Behind the dash is a man named Baby (Ansel Egort), a little-speaking wheelman working as a getaway driver to pay off his debt to Kevin Spacey’s shady crime lord, Doc. With a collection of different iPods to match the right mood, Baby’s first (and more interesting) love is music. When he’s not singing along to Jon Spencer Blues Explosion’s “Bellbottoms”, Baby and his handy cassette recorder are capturing conversations to later spin into remixes. We learn that Baby’s obsession with blaring tunes is tied closely to his troubled past, with a chronic case of tinnitus, resulting from a childhood injury, eating away at any chance for silence just as other misgivings have challenged his chance for peace.

That being the case, Baby is incomplete without earbuds. The music cranking into his cranium is the energetic gas in the tank that fuels the film but also provides a musical platform for Wright to riff on in a series of perfectly synchronized action scenes. Gunfire blaze to the beat, with characters playing assault weapons as if they were guitar solos. There’s really nothing to compare the perfectly orchestrated mayhem to, it’s that unique. Like Vasco da Gama finding India, it’s as if Wright has discovered a whole new medium and boy does he have fun with it.

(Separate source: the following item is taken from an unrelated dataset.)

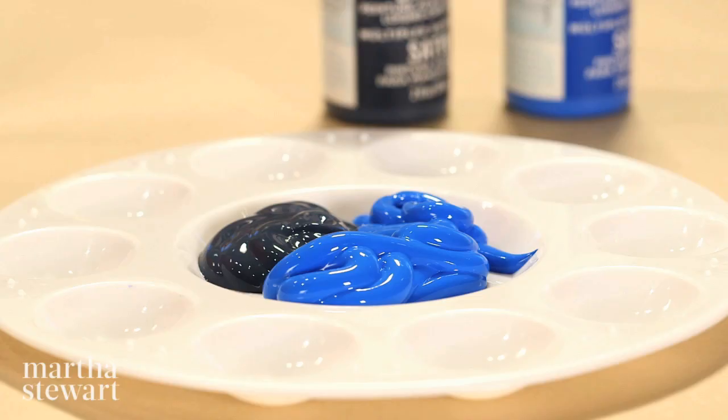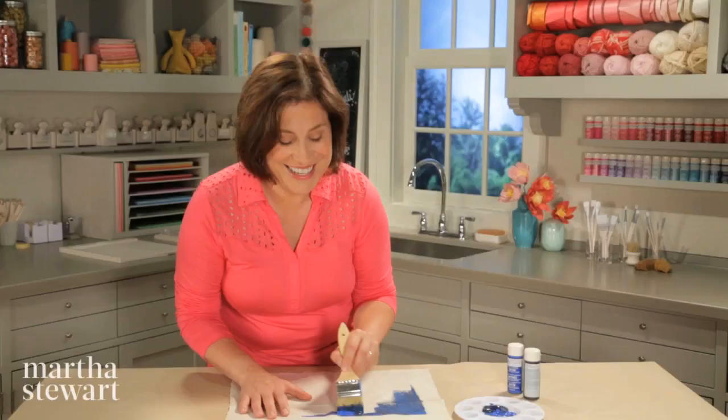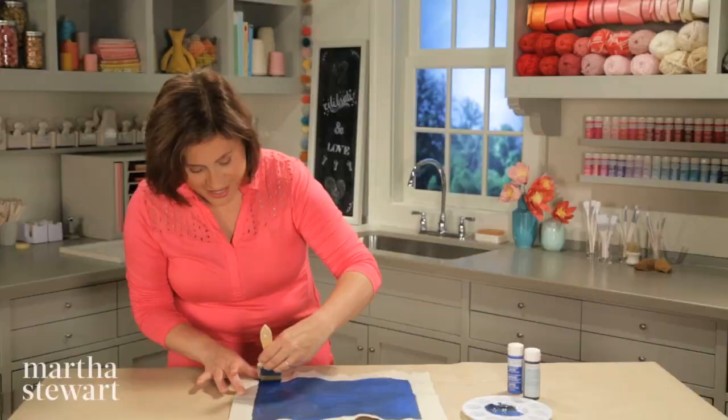I'm using two colors of blue. Dip your brush into both colors at once and paint a rectangle. Just create your rectangle freehand — it's kind of nice that it has that imperfect human feel. The raw fabric really does soak up the moisture in the paint, but it does give you this wonderful intense color.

Beyond the righteous directorial style, Baby Driver offers a juicy collection of parts for its killer cast. There’s Jaime Foxx’s “Bats” who is as dangerous as he is delusional; Eliza González and Jon Hamm’s PDA-friendly, AK-47-wielding husband and wife; Jon Bernthal playing to type as a short-fused thug; and Spacey jostling between forgiving father figure and heartless bossman. Wright wears his Tarantino influences on his sleeve with the players, giving each hardened criminal a code name (like “Buddy” or “Darling”) while assuring us that any of them is bad enough to ultimately be the film’s main antagonist. On the flip side, Lily James‘ Debroah is woefully lacking in development, offering little more than a pretty face and willing companion.

From a purely visceral level, Baby Driver is cinematic Viagra, sure to enliven any audience with working eardrums. From its colorful cast of characters to the bouncy soundtrack, Wright has manufactured something that doesn’t easily fit in a box. While he could have easily enough returned to the Cornetto formula to pretty much assured success, Wright’s sixth feature is also his most audacious, trading in his old bag of tricks – those signature Wrightisms – to pursue something daring and novel, even if it doesn’t measure up to his very best work.

CONCLUSION: A splashy one-of-a-kind action musical, Edgar Wright’s ‘Baby Driver’ is a rip-roaring hell of a time where the flash admittedly overshadows the familiar narrative but the style is so unique and so bold that you’ll be too busy tapping your toe to play that too much mind.